Quoting Reg <[EMAIL PROTECTED]>:
> You forgot to mention the makeup that makes them look pale :-)
True. As far as the term "Goth" goes, it appears to be derived from "Gothic"
used to describe a sort of gloomy horror genre popular during the nineteenth
century, which produced "Einstein's Monster" among other more forgettable
works...
Michael Moorcock made the whole subculture a figure of fun in the form of
"Dancers at the End of Time"'s Werther de Goethe, who declared himself to
Elric of Melnibone thus:
"You are very welcome here," said Werther de Goethe. "I cannot tell you how
glad I am to meet one as essentially morbid and self-pitying as myself!"

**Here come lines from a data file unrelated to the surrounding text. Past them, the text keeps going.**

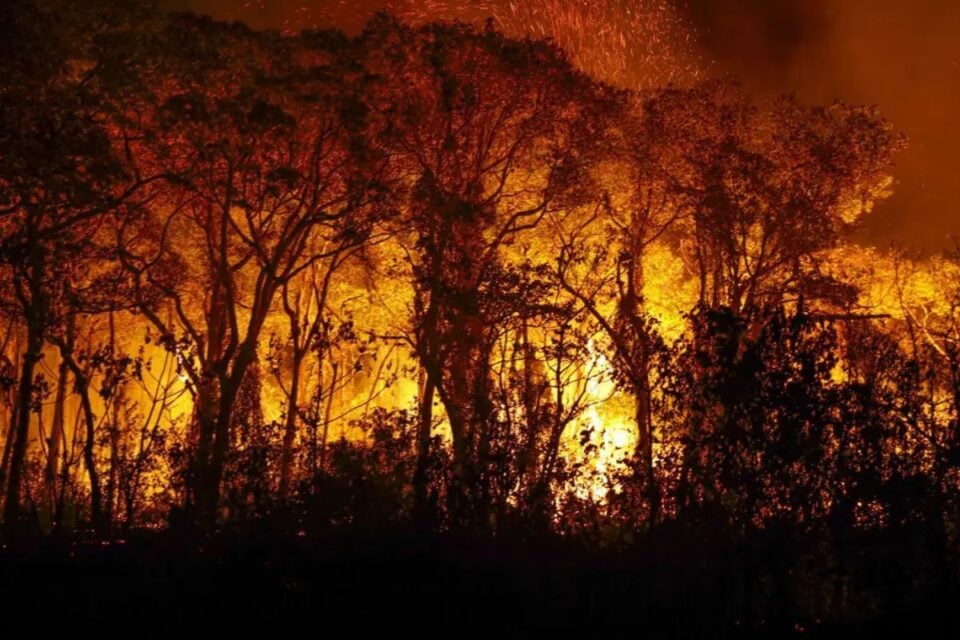Uso do fogo em vegetação gera risco de incêndios (Foto: Agência Brasil)
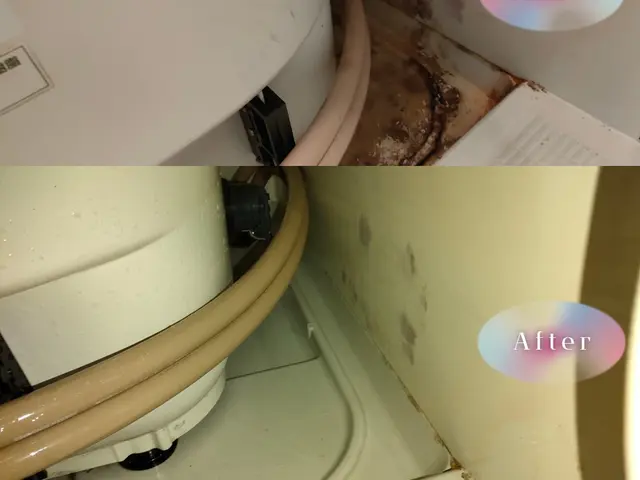 【11月出店】経験15年の実績を持つ店長が必ずお伺いしますサービスの画像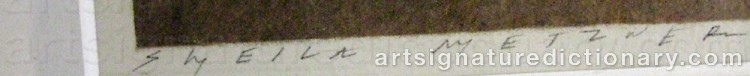 Authentic signature by Sheila METZNER on  artwork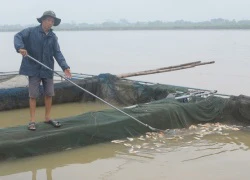 Thủy điện Hòa Bình xả lũ làm chết hàng trăm tấn cá lồng ở sông Đà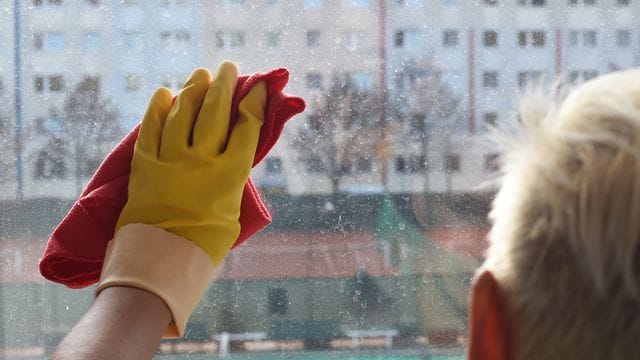 In Deutschland lassen Millionen Haushalte ihre Wohnungen und Häuser durch irregulär Beschäftigte ohne soziale Absicherung putzen. In Deutschland lassen Millionen Haushalte ihre Wohnungen und Häuser durch irregulär Beschäftigte ohne soziale Absicherung putzen.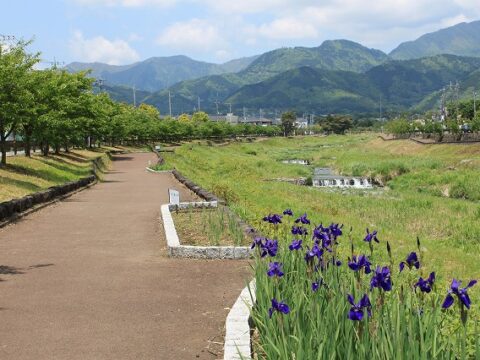 ハイキング（水無川コース）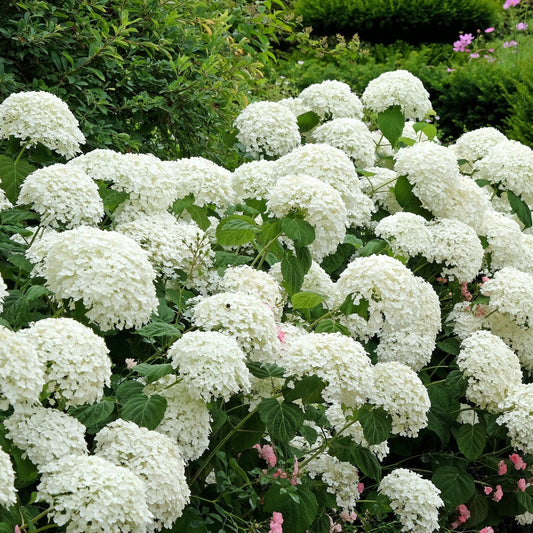 Hydrangea arborescens 'Incrediball' / 'Strong Annabelle' 3L / 5L / 10L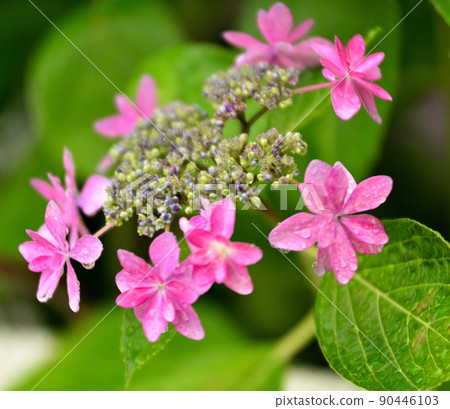 Hydrangeas blooming in rain 90446103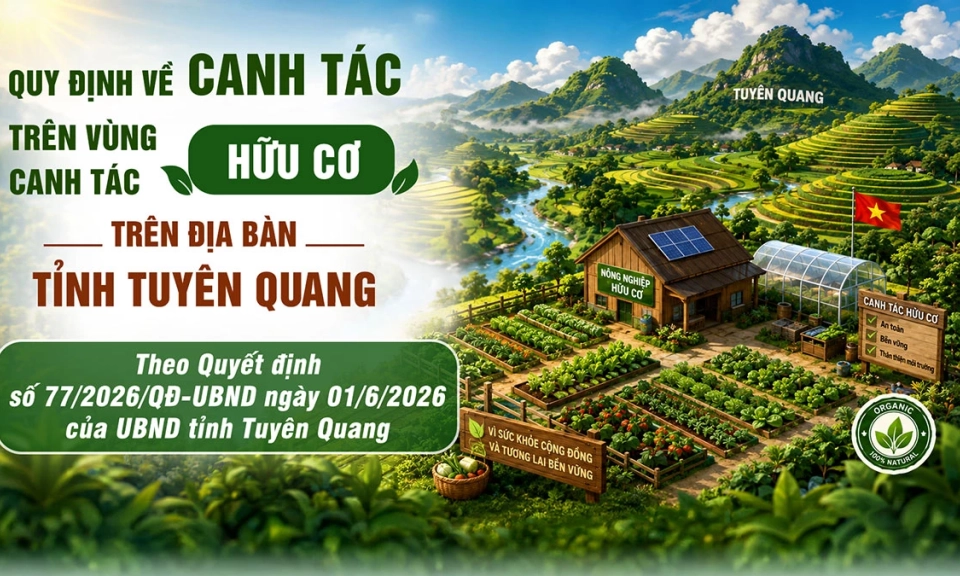 Quy định về canh t&aacute;c tr&ecirc;n v&ugrave;ng canh t&aacute;c hữu cơ tr&ecirc;n địa b&agrave;n tỉnh Tuy&ecirc;n Quang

Of course, the actual Goths, the tribe/s that erupted from Gotland into the
otherwise comfortable and hopelessly corrupt Roman Empire during the fourth
century - apart from creating, together with their distant Burgundian and
Langobardian kin, some tales of the horror deriving from mixed loyalties and
obligations and unbridled lust for power - they seem to have been as
cheerfully sane as anybody else.
But that is of course OffTopic. Now we return to our customary
programme ... ;)
Wesley Parish
>
<snip>
"Sharpened hands are happy hands.
"Brim the tinfall with mirthful bands"
- A Deepness in the Sky, Vernor Vinge
"I me. Shape middled me. I would come out into hot!"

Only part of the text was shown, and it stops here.